# Switch online spielen nich möglich



## Sturm-ins-Sperrfeuer (1. Februar 2018)

*Switch online spielen nich möglich*

Hi,

ich habe das Problem, dass ich mit meiner Sitch nicht online spielen kann. Ich kann in den Shop, updates ziehen etc aber er findet keine Spieler. Bei einem Freund geht es Problemlos. Es scheint am NAT Typ zu liegen der bei dem  anderen Router B und be mir zu Hause D ist. Leider bin ich Laie auf dem Gebiet und weiß nicht was ih da machen kann. Online Hilfe war wenig hilfreich, da die Lösung bei jedem Router anders ist. Die beste Lösung scheint zu sein eine DMZ einzurichten,was bei meinem Router Fritzbox 7490 nicht geht. Und eine automatische Port Freigabe geht nicht, da der Router die Switch nicht anzeigt. Manuell scheint es auch nicht zu gehen, allerdings weiß ich auch nicht genau wie. 
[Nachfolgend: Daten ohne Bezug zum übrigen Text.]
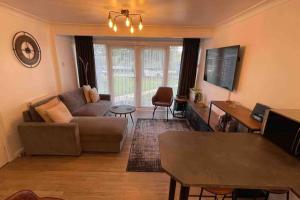 ein Wohnzimmer mit einem Sofa und einem Tisch in der Unterkunft Chalet 130 on Glan Gwna holiday park in Caernarfon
Kann mir jemand helfen, ich weiß nicht mehr  weiter.


----------



## Herbboy (1. Februar 2018)

Also, die Switch muss aber "irgendwo" beim Router zu finden sein - ist das der Fall? 

Bist du per Kabel oder per WLAN verbunden? Hast Du eine Seite gefunden, auf der steht, welche "Ports" man freigaben muss? Wenn du das hast, dann kann man es an sich recht leicht erklären, da bieten die Fritzboxen gute Menüs.


----------



## Sturm-ins-Sperrfeuer (1. Februar 2018)

Hi Herb
Ich kann die Switch an keinem offensichtlichen Ort finden. Da stehen viele Handys und Tablet sie bei Freigaben und ein paar Worte Nummern und zahlen Kombi aber keine Switch. Ka ob sie da mit Namen stehen sollte. Die Ports sind 1 -65535 (!).
Automatisch finde ich wie gesagt nichts offensichtliches und manuell verzweifle ich schon beim ersten Punkt weil ich nicht weiß was ipv4 und ipv6 ist . Ich bin schon verzweifelt als ich versucht habe eine dmz einzurichten nur um dann zu erfahren dass das bei Fritz Box nicht geht .


----------



## Bonkic (1. Februar 2018)

schau mal in den systemeinstellungen > internet nach. dort steht, wie sich die switch im netzwerk nennt. 
auf den ersten blick erkennt man sie nämlich in der tat nicht.


----------



## Sturm-ins-Sperrfeuer (1. Februar 2018)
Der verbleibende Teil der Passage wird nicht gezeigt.